体毛はつるりと抜け落ち、丸裸になった俺の全身は黄金像と化していた。
「ホホ、これだけあれば充分に元が取れます。
さて、準備が整いましたよ。
皆様お入り下さい」
金塊親父に呼ばれて屋敷の人間達がぞろぞろと姿を見せた。
「まぁ、何て素晴らしい黄金像でしょう!」
妻が俺の変わり果てた姿を見て感嘆の声を漏らした。
(ち、違う。像なんかじゃない。
俺だ、お前の亭主だっ‼)
助けを求めようとするが、やはり声は届かない。
「こちらは私と金田様がかねてより企画しておりました、皆様へのサプライズプレゼントでございます。

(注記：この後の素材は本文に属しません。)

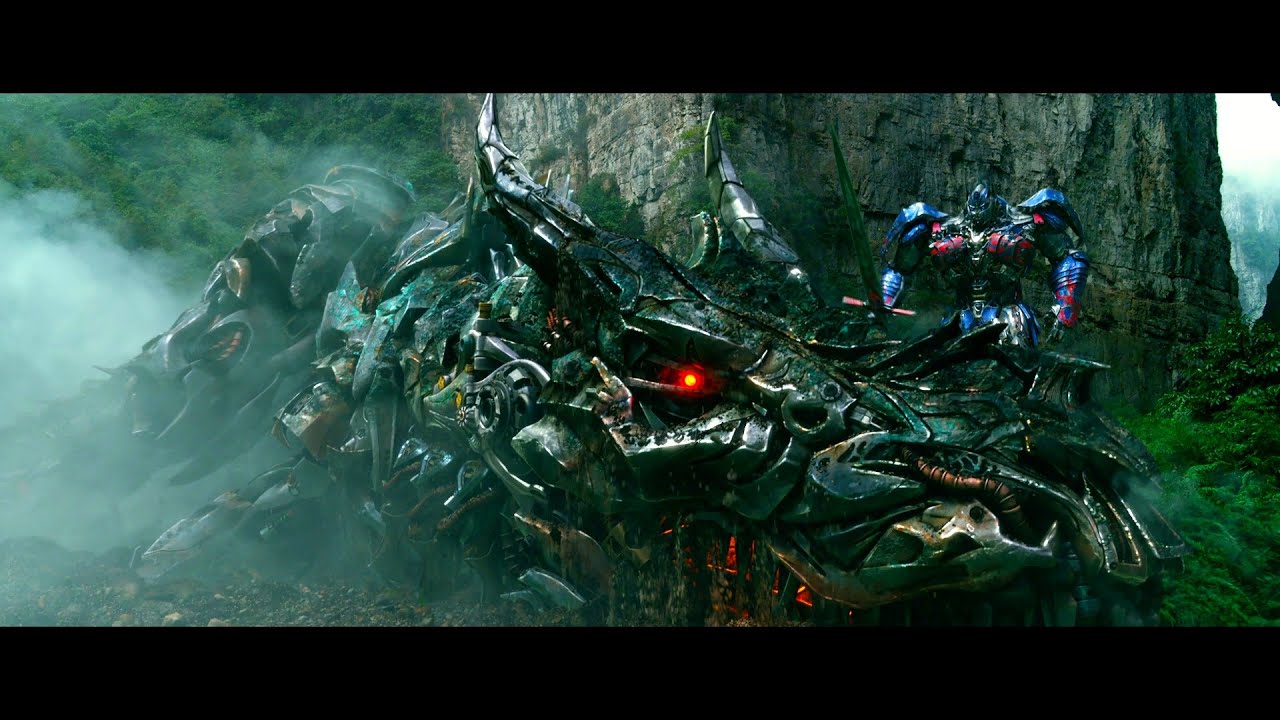 Transformers Age of Extinction  - Dinobots Charge Scene (1080pHD VF)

この黄金像は不思議な事に、望んだ方に望んだ分だけの金塊を分け与える有り難いもの。
さぁ、早い者勝ちですよ。
どうぞお好きなだけお持ち帰り下さい」
金塊親父がそう言うなり、俺のまわりに妻や使用人達が我先にと群がった。
その意地汚い手が黄金に触れると見る間に俺の手足が切断され、延べ棒の形状にカットされていく。
(や、やめろ。
お前ら、自分が何をしてるか解ってるのか?!
それは俺の、俺の体だァーーーッ!)
首から上を妻の両手に抱えられながら、俺は見えない涙を流して懸命に訴えかけたが、どんなに叫んでも無駄だった。
いや、仮に事実を知っていたとしてもこいつらは同じ行動を取ったに違いない。
俺ならば、いや、俺だって同じ事をした筈だ。
すべては金のせい。
金の為なら人は簡単に人間をやめる。
他人の痛みや犠牲など、こいつらは一ミリも想像しない。
だから素性も解らぬ金塊親父の口車に、あっさり乗せられてしまうのだ。
-金塊ではないのです。
俺は金塊親父の夕べの言葉を思い出していた。
人の欲望を喰らい、肉体の内側から徐々に金へと変質させるもの。
それこそが、俺が手を出してしまった金塊の正体だったのだろう。
今さら気付いても、もう遅い……どうでもいい。
完全に意識の途切れる直前、沈黙は金と言う格言の本当の意味を俺は悟った。
それは金を生み出す、新たな金怪の誕生だった。